Last year, Company X completed $250M in acquisitions with one employee focused on M&A. Company X is a real company. They are the largest company in their niche and have acquired more of the market than any other interested party. As a result, they are the largest owner of a particular type of business or very nearly the largest. They are on pace to be the largest business in their segment through acquisition.
How did Company X execute this strategy?
Company X Strategy
- The company quite literally hired every buy-side advisory firm in their target market to cold call and engage relevant business owners.
- The parent company of Company X, Big Box Corp, has a team that covers and regularly communicates with all IB firms in the universe of IB firms knowable in the US. ( They do this to assist their various platform companies).
- The company hired separate independent brokerage companies to similarly cover the total market, telling them overlapping communication is ok!
- The M&A professional hired contractors to assist with the transaction and enhance his time leverage.
Despite the fact that not all companies in the universe that company X wanted were for sale at the prices they wanted to pay, Company X effectively cornered the private market on their targeted transactions. In the nearest possible sense, the company built its way to what amounts to perfect opportunity cost in their market.
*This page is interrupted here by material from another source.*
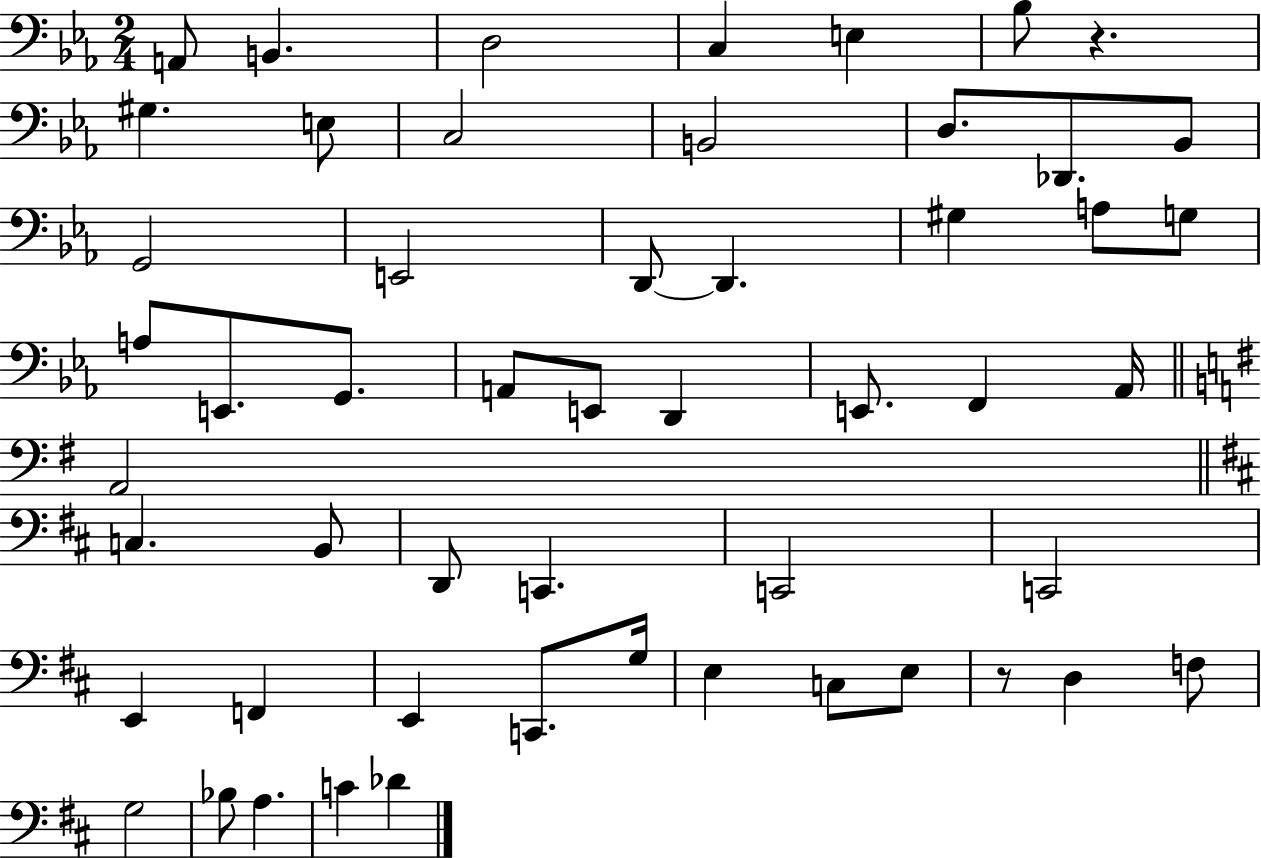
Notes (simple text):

The example of company X represents the reality of what Perfect Opportunity Cost looks like in the real world. Viewed from a biological perspective, company X spent the money and built a strategy to be the biggest buyer in a given market. There was no bigger fish to compete against and so it developed perfect relative opportunity cost.
The vast majority of Entrepreneurs starting down the acquisition path are best served by focusing on a narrow problem. Perfect opportunity cost is achievable in submarkets by tenacious entrepreneurs. When market information can be maintained over an extended period of time the information can also be used to disproportionate effect when prices are favorable.